Bring on the mai tais: Tiki goes low-key at new location for this venerable icon
By Phil Vettel | Tribune critic
December 18, 2008

You could scarcely dream up a better time to open a cocktail-focused restaurant in Chicago than now. The cocktail culture is supernova-hot; restaurants and clubs are frantically inventing distinctive signature drinks, and bartenders are now known as "mixologists."

When better, then, to reintroduce Trader Vic's, the concept that practically invented the notion of signature cocktails?

Not only did Trader Vic's make the mai tai a household word (while sending hordes of home-entertainment types to liquor stores in search of Jamaican rum and orgeat syrup), but it also made our parents and grandparents familiar with the Zombie, Scorpion Bowl, and Suffering Bastard.

Three years ago, Trader Vic's closed after 48 years in the Palmer House Hilton. Monday was its grand reopening at 1030 N. State St. (312-642-6500; tradervicschicago.com), the former home of Arnie's, but it actually opened quietly to the public the previous weekend, and I just as quietly slipped in for a visit.

Fans will be happy, I predict. This Trader Vic's is a thinking man's tiki bar, an oasis of civility among its more boisterous Gold Coast neighbors. The dining room and bar are done in tiki decor, but it's a restrained, limited-tchotchkes look. Chairs are upholstered in a soft bamboo-leaf pattern; white linen graces the tables. The most eye-catching item is the giant Chinese wood-burning oven, which fills the dining room with an appetite-stimulating aroma.

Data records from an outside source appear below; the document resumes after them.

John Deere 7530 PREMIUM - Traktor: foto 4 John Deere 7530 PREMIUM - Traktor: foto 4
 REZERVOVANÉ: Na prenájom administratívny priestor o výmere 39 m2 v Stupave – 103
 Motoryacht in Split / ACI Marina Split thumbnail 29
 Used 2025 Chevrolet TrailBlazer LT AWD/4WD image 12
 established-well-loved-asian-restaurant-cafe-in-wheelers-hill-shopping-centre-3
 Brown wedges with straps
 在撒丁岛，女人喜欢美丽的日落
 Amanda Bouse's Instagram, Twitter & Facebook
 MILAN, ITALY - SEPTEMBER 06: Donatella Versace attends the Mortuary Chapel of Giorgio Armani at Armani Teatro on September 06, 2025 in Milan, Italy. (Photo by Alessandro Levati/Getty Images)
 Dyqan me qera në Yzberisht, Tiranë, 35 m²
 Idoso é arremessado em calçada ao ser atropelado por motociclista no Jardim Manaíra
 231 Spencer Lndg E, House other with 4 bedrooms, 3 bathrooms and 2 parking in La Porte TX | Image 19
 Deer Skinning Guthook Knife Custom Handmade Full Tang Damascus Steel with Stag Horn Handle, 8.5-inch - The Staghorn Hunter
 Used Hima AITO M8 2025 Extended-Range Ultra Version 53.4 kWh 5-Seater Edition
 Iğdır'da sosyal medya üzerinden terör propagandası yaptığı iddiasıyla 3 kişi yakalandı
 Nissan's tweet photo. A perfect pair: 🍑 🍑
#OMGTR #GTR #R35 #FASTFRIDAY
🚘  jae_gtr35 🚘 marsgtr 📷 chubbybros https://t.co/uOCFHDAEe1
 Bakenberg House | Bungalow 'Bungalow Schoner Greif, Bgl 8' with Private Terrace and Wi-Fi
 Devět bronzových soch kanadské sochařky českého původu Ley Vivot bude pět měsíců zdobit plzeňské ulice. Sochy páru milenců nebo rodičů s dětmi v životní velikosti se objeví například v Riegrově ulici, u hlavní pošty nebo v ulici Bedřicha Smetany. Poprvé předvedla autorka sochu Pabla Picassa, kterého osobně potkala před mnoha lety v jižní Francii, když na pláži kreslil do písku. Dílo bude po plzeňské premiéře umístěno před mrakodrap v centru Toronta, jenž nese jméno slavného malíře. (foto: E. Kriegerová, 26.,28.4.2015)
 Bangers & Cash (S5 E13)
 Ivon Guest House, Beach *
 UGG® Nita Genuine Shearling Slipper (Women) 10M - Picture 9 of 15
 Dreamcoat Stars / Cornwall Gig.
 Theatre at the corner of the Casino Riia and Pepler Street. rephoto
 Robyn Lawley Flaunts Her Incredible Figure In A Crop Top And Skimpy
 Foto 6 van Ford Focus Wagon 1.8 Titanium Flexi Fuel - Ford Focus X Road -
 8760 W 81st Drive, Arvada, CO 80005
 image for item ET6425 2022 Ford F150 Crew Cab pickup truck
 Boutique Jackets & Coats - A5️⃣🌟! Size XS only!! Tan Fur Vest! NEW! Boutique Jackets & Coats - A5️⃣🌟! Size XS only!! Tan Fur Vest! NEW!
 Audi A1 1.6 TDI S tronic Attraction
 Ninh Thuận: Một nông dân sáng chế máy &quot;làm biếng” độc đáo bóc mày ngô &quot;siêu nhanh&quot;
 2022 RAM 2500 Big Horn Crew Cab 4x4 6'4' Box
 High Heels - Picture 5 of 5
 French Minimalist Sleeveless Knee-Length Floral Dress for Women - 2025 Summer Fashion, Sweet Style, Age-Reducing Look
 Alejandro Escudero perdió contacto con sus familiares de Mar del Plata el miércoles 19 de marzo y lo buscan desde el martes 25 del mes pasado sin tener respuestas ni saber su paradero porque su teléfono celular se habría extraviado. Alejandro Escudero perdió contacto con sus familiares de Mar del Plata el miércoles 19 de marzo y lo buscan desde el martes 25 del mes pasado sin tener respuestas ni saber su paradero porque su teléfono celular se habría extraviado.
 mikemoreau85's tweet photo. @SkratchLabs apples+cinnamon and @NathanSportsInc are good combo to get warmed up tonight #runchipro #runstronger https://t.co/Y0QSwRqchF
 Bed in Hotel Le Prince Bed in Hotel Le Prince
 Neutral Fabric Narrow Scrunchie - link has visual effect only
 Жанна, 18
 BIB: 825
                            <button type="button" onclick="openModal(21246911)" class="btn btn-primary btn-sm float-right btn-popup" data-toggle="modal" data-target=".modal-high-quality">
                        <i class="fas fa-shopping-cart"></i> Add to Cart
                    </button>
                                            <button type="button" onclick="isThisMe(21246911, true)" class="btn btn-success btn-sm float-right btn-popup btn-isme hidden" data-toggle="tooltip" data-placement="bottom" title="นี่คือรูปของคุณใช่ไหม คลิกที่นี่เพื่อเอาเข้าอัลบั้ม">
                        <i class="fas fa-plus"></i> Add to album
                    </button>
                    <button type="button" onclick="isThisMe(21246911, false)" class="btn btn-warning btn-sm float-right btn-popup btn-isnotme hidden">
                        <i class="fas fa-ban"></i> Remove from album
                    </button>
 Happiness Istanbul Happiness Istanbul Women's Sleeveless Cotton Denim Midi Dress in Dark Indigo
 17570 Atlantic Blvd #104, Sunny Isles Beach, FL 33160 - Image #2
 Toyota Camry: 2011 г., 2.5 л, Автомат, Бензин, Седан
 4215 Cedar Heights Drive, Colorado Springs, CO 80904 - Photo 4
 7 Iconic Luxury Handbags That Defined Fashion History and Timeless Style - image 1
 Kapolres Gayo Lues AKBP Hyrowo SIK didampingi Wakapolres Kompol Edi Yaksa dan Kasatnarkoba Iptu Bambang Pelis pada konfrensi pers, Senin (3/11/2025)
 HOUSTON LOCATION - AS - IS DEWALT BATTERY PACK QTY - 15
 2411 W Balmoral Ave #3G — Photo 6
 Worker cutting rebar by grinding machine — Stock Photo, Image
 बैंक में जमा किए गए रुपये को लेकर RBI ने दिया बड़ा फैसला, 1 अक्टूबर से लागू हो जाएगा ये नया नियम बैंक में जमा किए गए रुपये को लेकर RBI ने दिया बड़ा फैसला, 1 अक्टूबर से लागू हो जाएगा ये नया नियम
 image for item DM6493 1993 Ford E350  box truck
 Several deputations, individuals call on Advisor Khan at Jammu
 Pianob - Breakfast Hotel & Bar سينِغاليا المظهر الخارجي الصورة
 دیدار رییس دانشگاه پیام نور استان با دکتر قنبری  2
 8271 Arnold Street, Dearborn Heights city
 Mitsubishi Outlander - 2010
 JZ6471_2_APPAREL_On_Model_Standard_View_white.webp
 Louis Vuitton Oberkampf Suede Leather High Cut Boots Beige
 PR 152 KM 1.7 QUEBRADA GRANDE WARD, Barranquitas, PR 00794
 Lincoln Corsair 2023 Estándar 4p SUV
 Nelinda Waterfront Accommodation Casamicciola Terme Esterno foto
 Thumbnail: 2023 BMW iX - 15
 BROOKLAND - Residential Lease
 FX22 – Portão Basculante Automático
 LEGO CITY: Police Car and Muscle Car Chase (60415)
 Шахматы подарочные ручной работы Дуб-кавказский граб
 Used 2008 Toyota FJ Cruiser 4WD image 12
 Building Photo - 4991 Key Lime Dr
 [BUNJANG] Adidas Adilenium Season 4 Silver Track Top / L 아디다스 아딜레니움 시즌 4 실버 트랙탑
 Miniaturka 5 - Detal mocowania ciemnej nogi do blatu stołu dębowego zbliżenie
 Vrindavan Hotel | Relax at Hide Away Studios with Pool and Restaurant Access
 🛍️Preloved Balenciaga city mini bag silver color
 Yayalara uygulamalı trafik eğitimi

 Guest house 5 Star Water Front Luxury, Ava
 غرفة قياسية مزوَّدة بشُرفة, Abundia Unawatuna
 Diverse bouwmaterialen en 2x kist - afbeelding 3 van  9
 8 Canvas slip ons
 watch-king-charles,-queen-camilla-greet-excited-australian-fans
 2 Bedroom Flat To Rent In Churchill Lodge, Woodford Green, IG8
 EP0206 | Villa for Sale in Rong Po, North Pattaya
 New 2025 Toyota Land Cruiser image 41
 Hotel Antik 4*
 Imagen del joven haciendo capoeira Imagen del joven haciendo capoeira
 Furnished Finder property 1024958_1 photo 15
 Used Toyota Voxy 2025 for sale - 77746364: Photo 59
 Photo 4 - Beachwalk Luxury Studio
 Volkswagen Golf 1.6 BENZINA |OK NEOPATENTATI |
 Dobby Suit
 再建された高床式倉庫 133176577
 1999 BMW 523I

I remember Trader Vic's as a good place for a drink but an indifferent place to eat. I may have to revise that opinion after the excellent Hawaiian pork chop I consumed, not to mention a first-rate tea-smoked duck.

The appetizer list includes the usual retro pupu nibbles, including a crab rangoon wherein one can actually discern crab flavor; meaty Chinese barbecued ribs and sliced pork; and crispy (if overbreaded) prawns. Order the Cosmo Tidbits for Two and you get a few of each.

Of course, I tried the mai tai, and Vic Bergeron's original is still my favorite version. I also indulged in a Suffering Bastard, and I didn't suffer one bit.